Thursday, November 13, 2008

Running ahead of the pack

Some people think that social media is all hype. "Show me the money", they say. OK ... how about a stock price that has been steadily rising against the market since mid-2006? [and yes, of course it has suffered in the meltdown, but not to same extent as others].

What has Nike (NKE) done different in that time? Two years ago, it launched Nike+. Essentially, this is a sensor-based technology that stores data via a 2G+ iPod on your exercise, reports back a variety of facts and figures, and can upload the data to a social network website. Millions of people have joined this network - and Nike has created an army of loyal advocates. As an example of the power of that army, more than 800,000 people joined the Human Race on 31 August in 25 places around the world.

The members of the Nike+ community are on track (at more than 1 mile/sec, or faster than any F1 racer) to record 100,000,000 collective miles. Net Advocacy Scores are skyrocketing. Sales of accessories are growing faster than many ever imagined.

While the direct correlation is hard to prove, Nike has grown US market share of running shoes from 48% in 2006 to more than 60% today. Are you prepared to say there's no connection? Not me!

Many consumer goods companies (and others like General Motors!) have tried to use social media to build brand advocacy. The results have been tragic, or so faintly positive that the ROI didn't prove out.

So what's different about Nike's approach? For a start, the community is not built around a brand or product - it's built specifically for a bunch of people with a passion for running.
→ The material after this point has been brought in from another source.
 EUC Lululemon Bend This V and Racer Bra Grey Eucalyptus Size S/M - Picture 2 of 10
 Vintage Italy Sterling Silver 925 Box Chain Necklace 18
You can put the Nike+ sensor in another company's shoes and still share the buzz. Translation: It's not a marketing campaign. It's shared experiences that inspire people. Nike+ provides the engine for a social activity.
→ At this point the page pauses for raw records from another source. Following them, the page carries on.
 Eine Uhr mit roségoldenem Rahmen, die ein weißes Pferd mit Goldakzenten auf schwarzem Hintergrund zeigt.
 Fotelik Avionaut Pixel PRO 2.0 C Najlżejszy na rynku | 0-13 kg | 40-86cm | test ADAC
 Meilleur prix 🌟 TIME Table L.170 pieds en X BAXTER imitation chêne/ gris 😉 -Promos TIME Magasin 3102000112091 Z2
Thought for the Day: If you focus on the people rather than the brand, chances are you may get the chance to ride the tiger of passion!


Jon said...

Mate, did you really write 'ride the tiger of passion'?

I do like the idea that services become unbundled, and relatively free as production technology has become so available (music is another example of this that's closer to home for me - any joker can make reasonable music in their bedroom now). And I can readily believe that Nike's clever and apparently open-architecture gadget drove their sales. But I can't help wondering what would have happened if Nike+ had been created by a company with .48% market share instead of 48%.

I think the installed base and brand still form the basis of the sales here, while the technology and community aspects may produce a bit of icing on the top. Still, one can't go past the fact that this is better than some 'frequent runner' program, or 'Nike points' for buying shoes and shorts.

Jason Winder said...

I enjoyed your article. Good to hear from a fellow Nike+ user in Tokyo. I 'rode the tiger of passion' ;), and wrote up a huge blog post about the Nike+ as well.